Friday night my family and I watched a movie in the park – Monsters University (MU). As a brief synopsis, Mike Wazowski knew from an early age that he wanted to be a professional Scarer working for Monsters Inc. He prepared his whole life to attend MU. Throughout the movie his pursuit is met with obstacles to be overcome and challenges to tackle. The movie ends with a short montage about how Mike and Sulley work their way up from the Monster’s Inc mailroom to become record-breaking scarers.
On Saturday my middle daughter decided it was time to learn how to ride a bicycle. Following a few attempts, some improvised fatherly advice, and my daughter’s persistence to seeing her goal met – we had success. Consequently as a reward we went on a family bike ride to a local eatery of her choice in celebration.
Both of these stories, one fiction and one not, are great examples of personal perseverance.
In education we strive to instill this important quality in our students. In fact the first Common Core Math Practice Standard is titled “Make sense of problems and persevere in solving them.” We want our students to have both the desire to see a problem or project through to the end AND the perseverance to actually make their desire for successful completion a reality.
Have we considered teacher perseverance?
How do we as educational leaders instill a sense of perseverance in our teachers?

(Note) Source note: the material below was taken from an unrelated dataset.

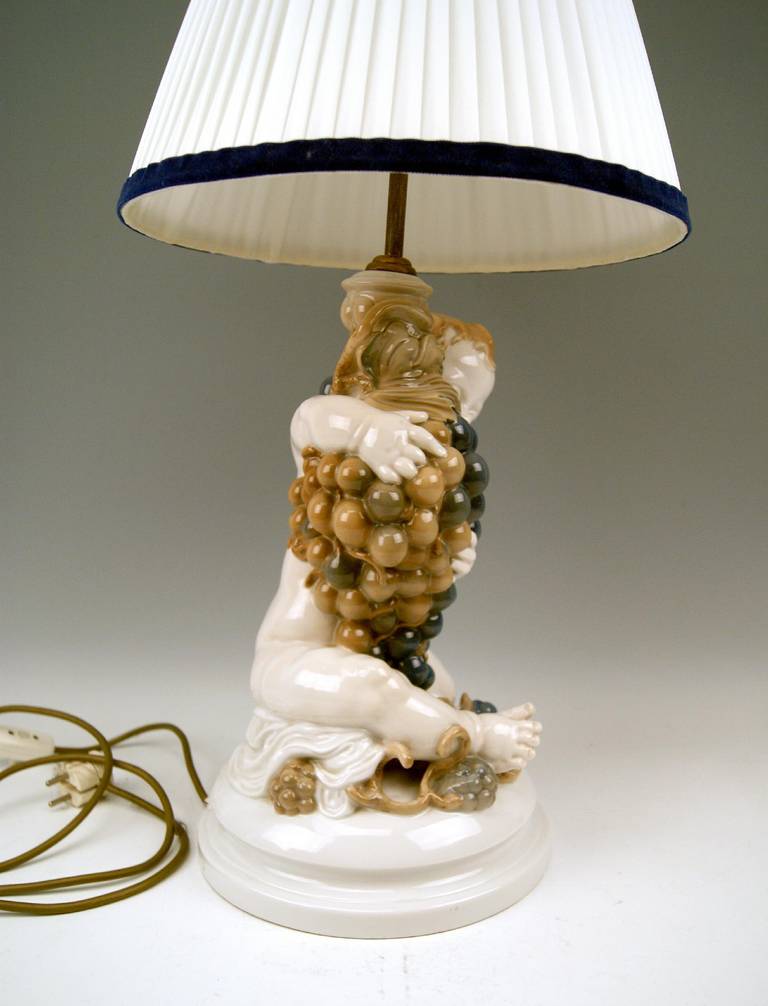 20th Century Rosenthal Germany Huge Cherub Table Lamp by Constantin Holzer-Defanti circa 1920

Best practices and research on instructional coaching, mentoring, and evaluation all speak to helping our teachers become risk takers, trailblazers, and innovators – essentially, we strive to encourage educators to try something new, to continually look for best strategies meet the needs of our students. Many of these attempts are unsuccessful…the first time.
We oftentimes allow this “failed attempt” at something new to result in one of two responses: “I knew this wouldn’t work” or “I knew I couldn’t do it.” Both of these reactions typically lead to the same result – “I’ll just go back to the way I’ve always done it.” This is where we often fail our colleagues and our kids.
I’m certain that’s not how Mike Wazowski or my Sadie would respond – they would persevere!
As we think about starting off the new school year next month, let’s commit to improving one or two aspects of the service we provide our students and our teachers – and stick to it! We know that it may not go well the first time; we know that perseverance is only born out of difficulties. That reality should be comforting and may even calm our fears of failure. (As an added benefit – our perseverance can serve as a model for our kids!)
On a final note…
In thinking about this blog post, it struck me that Monster’s University was created by Pixar Animation Studios. I had recently read a brief story of the creation of Pixar. Turns out it was started in part by Steve Jobs who, in 1986, had been recently fired from Apple…a company that he created.
Now that’s sticktoitiveness.
We could really make a difference for our kids if exhibited that level of perseverance in our schools.